Archive for August, 2007

Snake Preview of IRW-2007-9

August 31, 2007

Constrained Co-Occurrence Searches

“Unlike AND and EXACT searches, constrained co-occurrence searches (cc searches), consists in searching within a text window wherein search terms are either unordered, as in proximity searching, or ordered, as in adjacency searching. Thus, cc searching is a contextual way of searching within similar neighboring terms.

Here is a snake preview of the September issue of IR Watch - The Newsletter.

IRW-2007-9: Constrained Co-Occurrence Searches

In this issue:

Introduction
AND Searches
EXACT Searches
CC Searches Defined
Proximity Searches
Automated Search Modes
Adjacency Searches
CC Searches at ONR
Differential CC Searches
Testing the ONR Algorithm
CC Searches and Keyword Research
CC Searches and Search Commands
CC Searches vs. Google’s Tilde Operator
Conclusion
References
IR Thoughts - News, Research, and Events
Terms of Use and Copyright

If you are a subscriber this issue should be in your inbox during the day.

Random Notes

August 30, 2007

I’m putting the final touches to IR Watch, now in its first year of publication. I started the project a year ago. Thank you for your support.

Tomorrow I will post a sneak preview of the September issue. This one is about research conducted at the Office of Naval Research in the area of search modes. If you are a keyword researcher you need to read this issue.

I’m also researching a large repository of obscure databases, accessible through ftp. If you are a KDD researcher, you will love to know about these.

A Call to Expose SEO Liars

August 29, 2007

Since A Call to SEOs claiming to Sell LSI many are finally realizing they were taken/gamed by crook SEOs selling snake oil in the form of spurious LSI arguments. It is now time to issue a call to expose all these sinisters marketers that are giving a black eye to the search marketing industry. So, you are welcome to join great guys like Mike Duz, David Petar, and Mike Grehan and expose these people.

If you prefer, do like Dan Thies and blog about their myths. In Lies, Damn Lies, Thies has exposed another old SEO myth: keyword density. Here are additional reasons against this myth many marketers are still hanging around:

2007/05/09 Keyword Density Myth - The Devil’s Advocate

2007/05/07 Keyword Density (KD): Revisiting an SEO Myth

On the Evolution of SEO Myths

The evolution of KD myths and KD tools within SEO circles is anecdotal. It is quite similar to the evolution of LSI-based SEO myths promoted by almost the same marketers. There is a clear pattern of deception:

Repeat a hearsay many times, spin it, play with words, convince cheerleaders to repeat like parrots your hearsays and then repeat everything again until many cheerleaders, peers, and “experts” repeat your nonsense in blogs and seo books. Invent formulas out of thin air and tools that support these, etc, etc, etc.

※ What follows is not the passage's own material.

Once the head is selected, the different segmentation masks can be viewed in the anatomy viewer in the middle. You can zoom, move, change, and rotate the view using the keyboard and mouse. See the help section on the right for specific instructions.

If you prefer, misquote or copy/dump IR papers and patents in your blog to give the impression you know about information retrieval. Then, stretch these IR papers or patents to your heart needs or to whatever you are trying to sale or promote. That can be your own image or other crooks services.

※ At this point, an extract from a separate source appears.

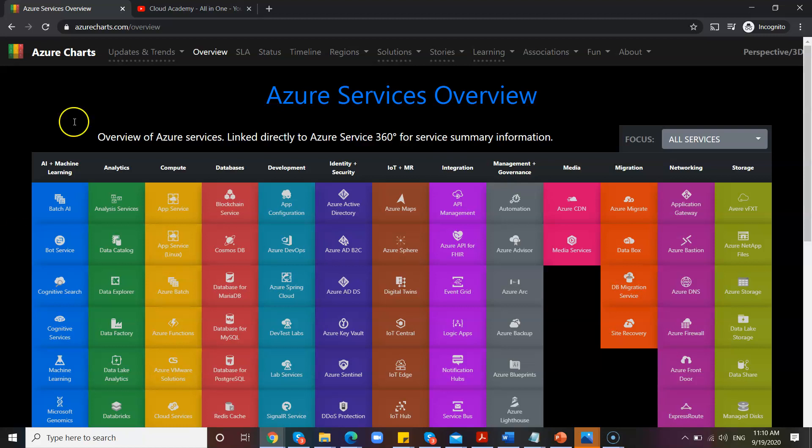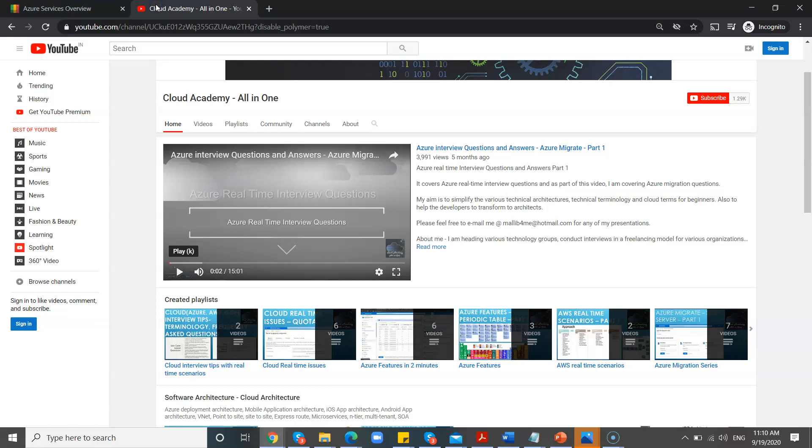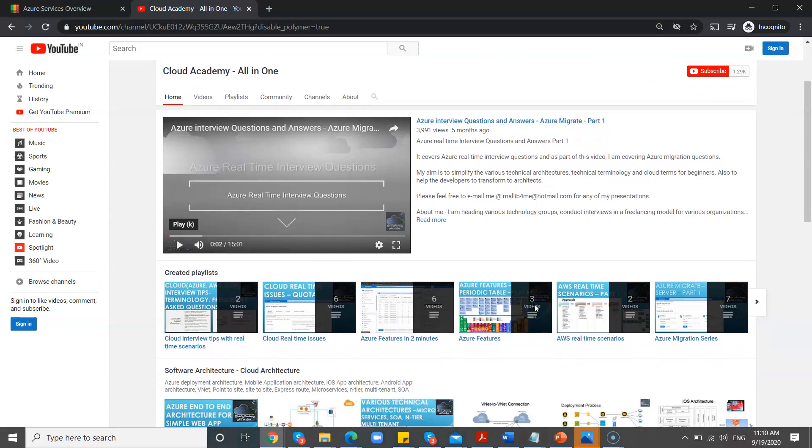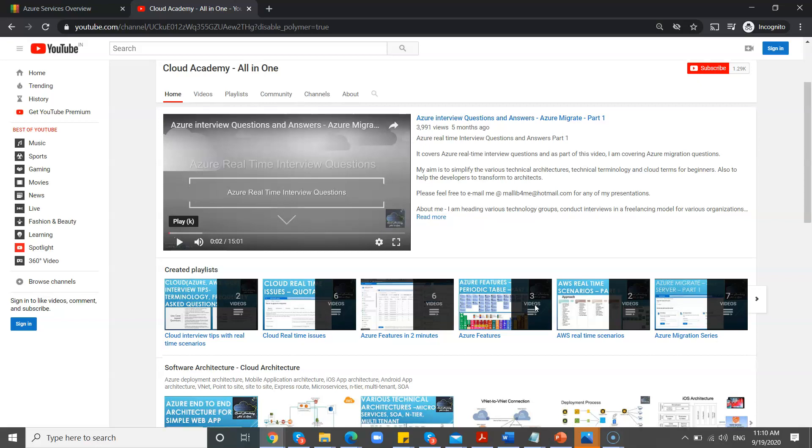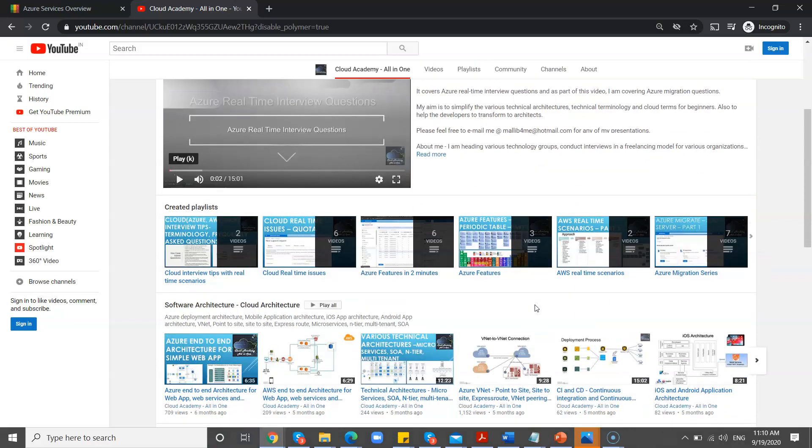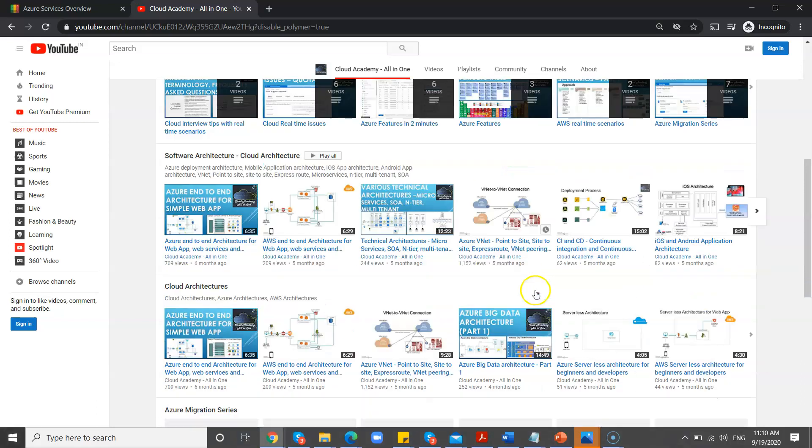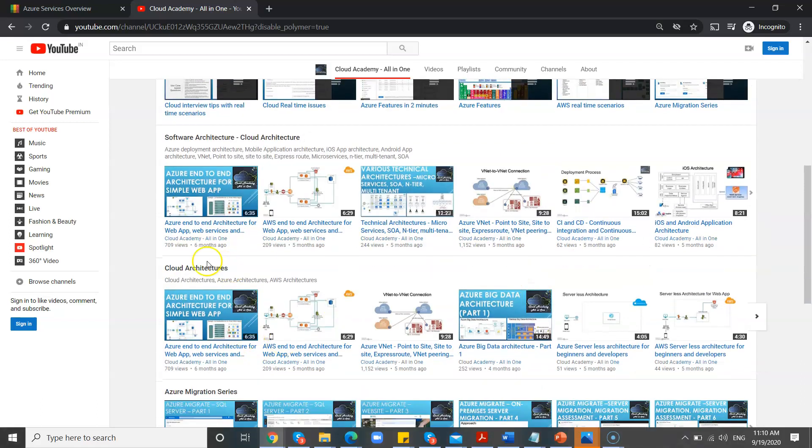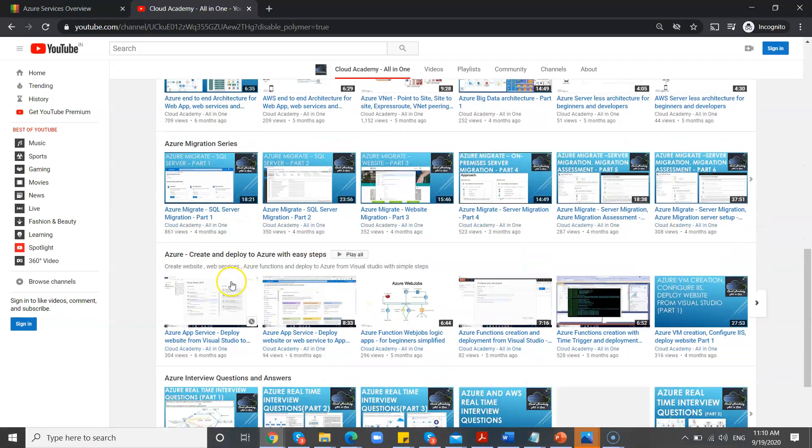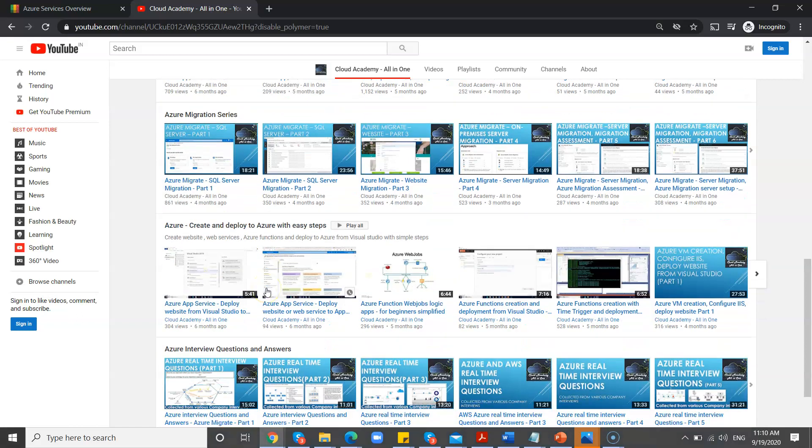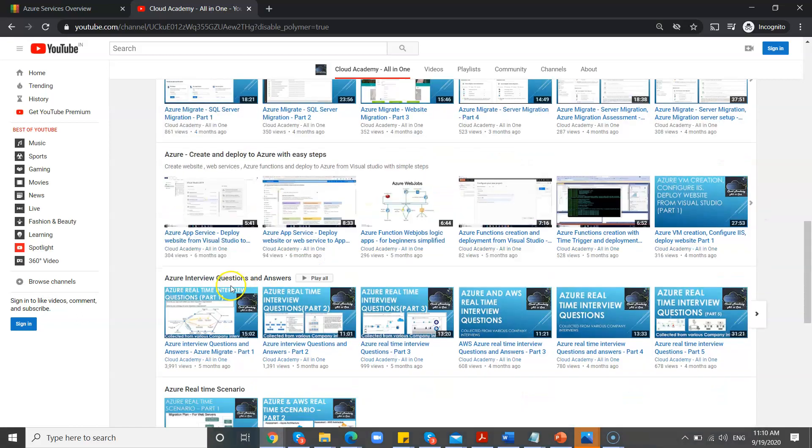Before I get into the topic, let me give you a quick glance about my channel. Here you can find plenty of videos which are related to the cloud, especially for Azure and AWS. You can find videos for migration architectures, and also Azure and AWS interview-based questions.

Two wings of the same bird

That’s how the KD and LSI SEO myths have survived all these years. These are two wings of the same bird. Unfortunately the very same marketers go to fancy search marketing conferences, blogs, forums and few other channels to spread the same misinformation or to induce others into error. No wonder Mike Grehan has called these ‘hot air’.

Take for instance, those marketers that have preached about LSI for years or selling “LSI-like services” without even having a clue on how SVD actually works. They either do so to build an image as “experts” or to intentionally deceive their peers and clients, because of vested interests.

When caught with the pants off they often have two choices:

1. recanting.
2. recoiling.

The few raise the royal “we” and “honest” flag and then resource to throwing dirt rather than prove their case regarding their LSI claims. As far as I’m concern they can throw dirt or scream like babies all they want. They deserve their head to be hammered away any day of the week.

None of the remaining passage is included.